Stored data Start Marker

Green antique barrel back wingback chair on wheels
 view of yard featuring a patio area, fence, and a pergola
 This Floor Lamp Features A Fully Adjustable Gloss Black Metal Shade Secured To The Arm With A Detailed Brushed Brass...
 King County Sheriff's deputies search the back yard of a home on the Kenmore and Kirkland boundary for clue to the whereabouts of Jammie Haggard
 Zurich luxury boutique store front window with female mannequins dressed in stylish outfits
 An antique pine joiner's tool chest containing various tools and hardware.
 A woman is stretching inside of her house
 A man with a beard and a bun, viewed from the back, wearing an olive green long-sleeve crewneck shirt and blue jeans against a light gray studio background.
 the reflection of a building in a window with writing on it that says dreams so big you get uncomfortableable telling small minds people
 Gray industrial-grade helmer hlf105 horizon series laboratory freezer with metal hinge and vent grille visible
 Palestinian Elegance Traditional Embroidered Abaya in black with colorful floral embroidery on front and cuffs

Stored data End Marker

### What you need to do
Each entry in the data must be copied exactly.

### Output for this exercise
Green antique barrel back wingback chair on wheels
 view of yard featuring a patio area, fence, and a pergola
 This Floor Lamp Features A Fully Adjustable Gloss Black Metal Shade Secured To The Arm With A Detailed Brushed Brass...
 King County Sheriff's deputies search the back yard of a home on the Kenmore and Kirkland boundary for clue to the whereabouts of Jammie Haggard
 Zurich luxury boutique store front window with female mannequins dressed in stylish outfits
 An antique pine joiner's tool chest containing various tools and hardware.
 A woman is stretching inside of her house
 A man with a beard and a bun, viewed from the back, wearing an olive green long-sleeve crewneck shirt and blue jeans against a light gray studio background.
 the reflection of a building in a window with writing on it that says dreams so big you get uncomfortableable telling small minds people
 Gray industrial-grade helmer hlf105 horizon series laboratory freezer with metal hinge and vent grille visible
 Palestinian Elegance Traditional Embroidered Abaya in black with colorful floral embroidery on front and cuffs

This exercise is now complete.